当然のように紳士的にエスコートしてくれてるけど、ここは俺の部屋だよ!
…なんて言える元気も無かった俺は、いや、元気でも言えなかっただろうけども、とにかく疲れてしまった俺は、もうどうにでもなれと部屋に入った。
「何か飲もう。紅茶はあるかな」
部屋に入ってとにかく一息つこうとソファに座ると、変人がそわそわとキッチンに向かう。
いやあんたがそれするのおかしいだろ!
だけど、せっかくだし、まあいい…のかなあ…いや良かないけどさ、もうこの状況じゃ何言っても無駄か。
「…戸棚の、白い容器の中に入ってます。ティーバッグですけど。」
「ああ、これか。…へえ、初めて見る銘柄だ。特注品かな?」
えええ、日本で最もメジャーと思われるZabton(ザブトン)の紅茶ですけど!
何だよこの人本当に王子様!?何!?
そんな事をぐるぐる考えていると、変人がお盆に乗せた紅茶を運んで来て、俺にカップを手渡してくれる。

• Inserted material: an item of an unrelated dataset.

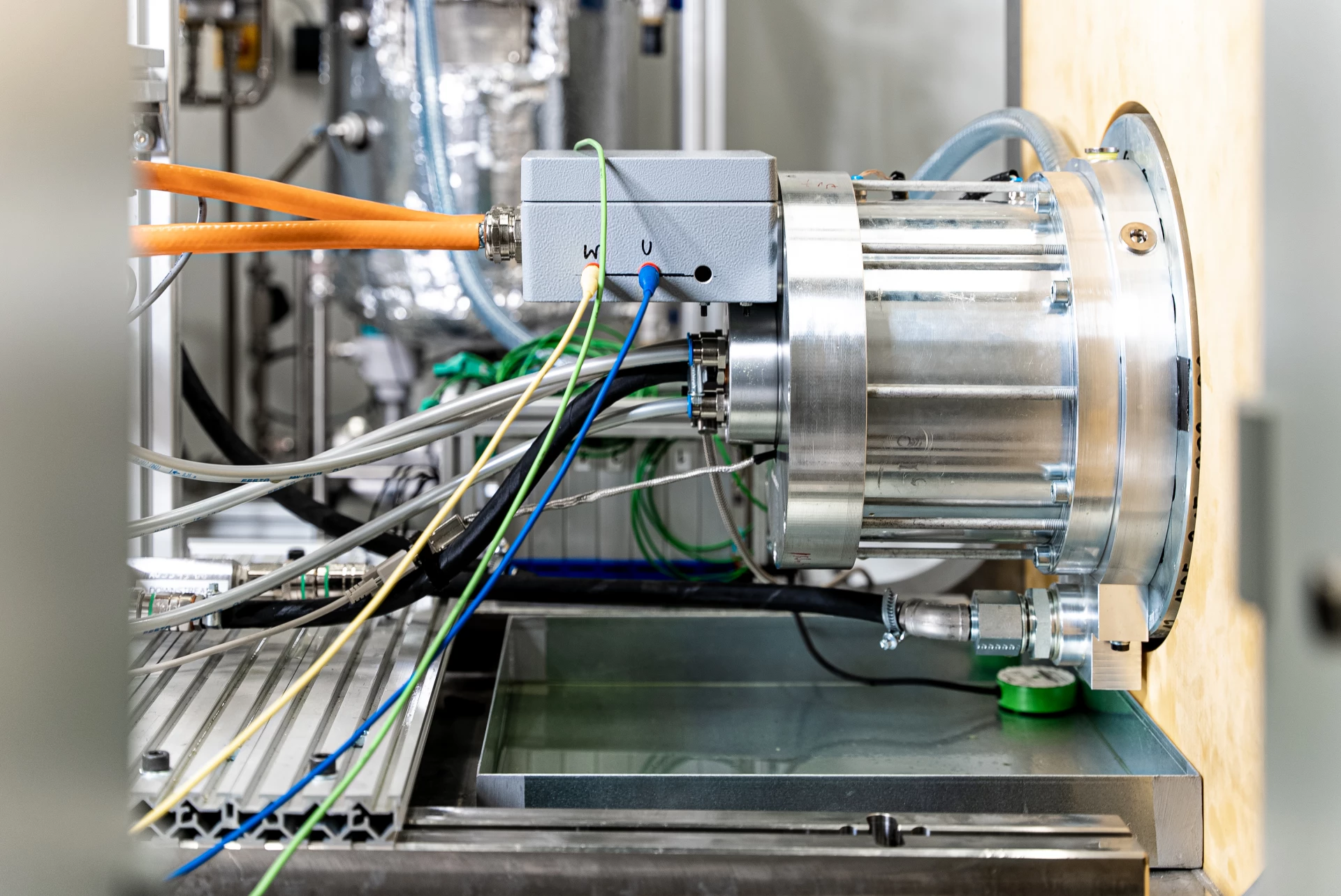 Mahle's new SCT electric motor runs non-stop at over 90% of peak power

その姿はやっぱりすごく紳士的で、ちょっとカッコイイ。
「あ、ありがとうございます…」
「お礼なんていらない。お砂糖はどうする?」
「えっと、いや、いいです」
「そうか」
紳士的な変人はにこりと優しく微笑むと、さも当然のように俺の隣に座り、長い脚を組み、紅茶を優雅に飲み始めた。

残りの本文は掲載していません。